→ Supplied information:

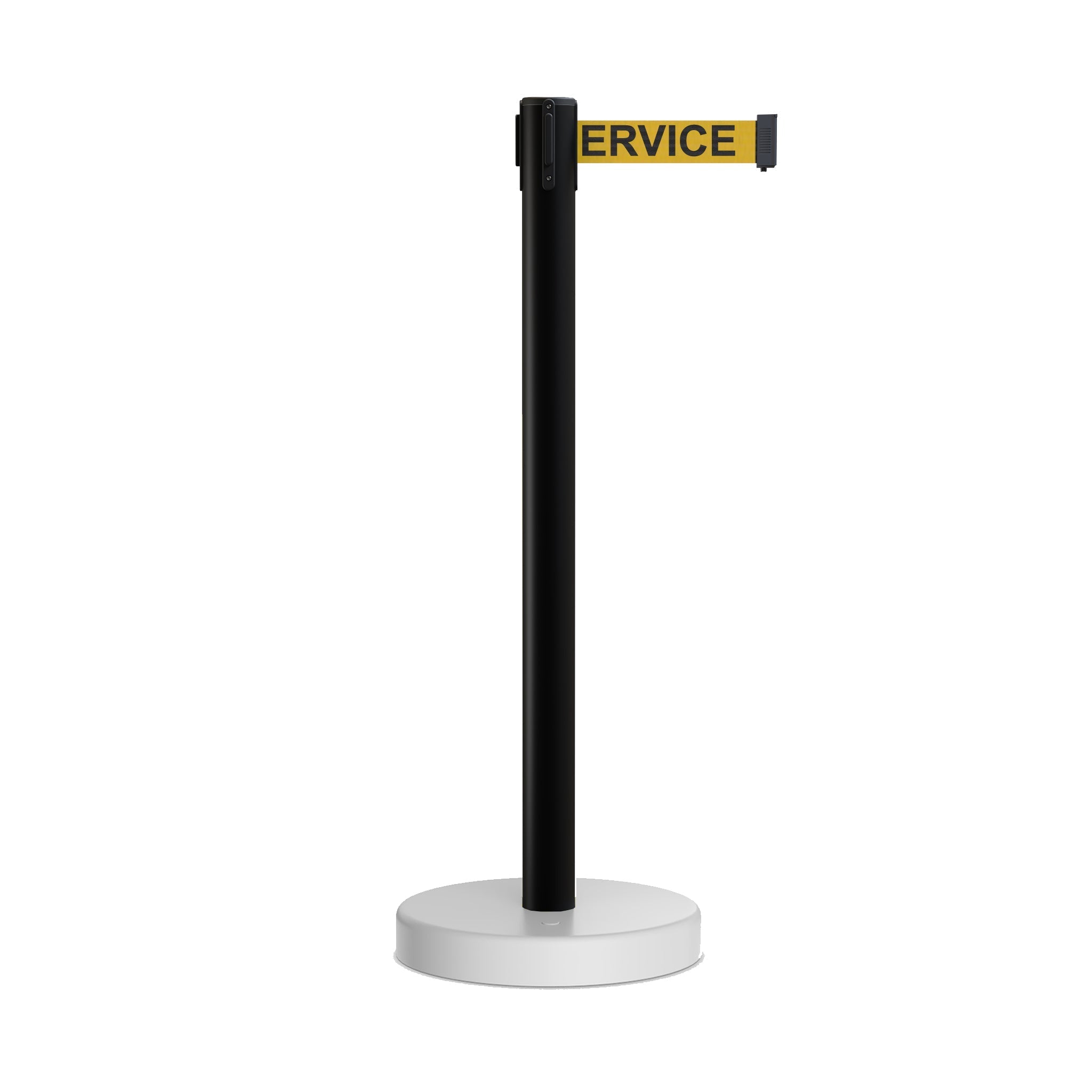 Retractable Belt Barrier Stanchion, Water Fillable Base, Black PVC Plastic Post, 9 Ft. Belt - Montour Line MH630 - Crowd Control Warehouse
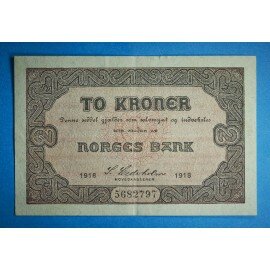 Norge 2 kr. 1918-1925 pen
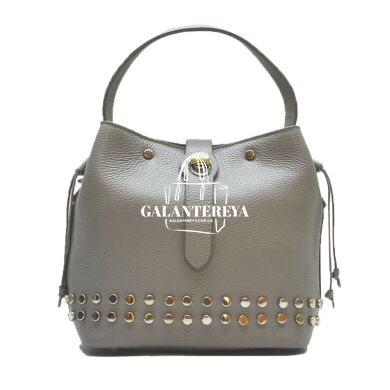 Женская кожаная сумка Italian fabric bags 2402 gray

→ Work to be completed: Print the data above exactly; drop every picture.

→ The answer:
 Retractable Belt Barrier Stanchion, Water Fillable Base, Black PVC Plastic Post, 9 Ft. Belt - Montour Line MH630 - Crowd Control Warehouse
 Norge 2 kr. 1918-1925 pen
 Женская кожаная сумка Italian fabric bags 2402 gray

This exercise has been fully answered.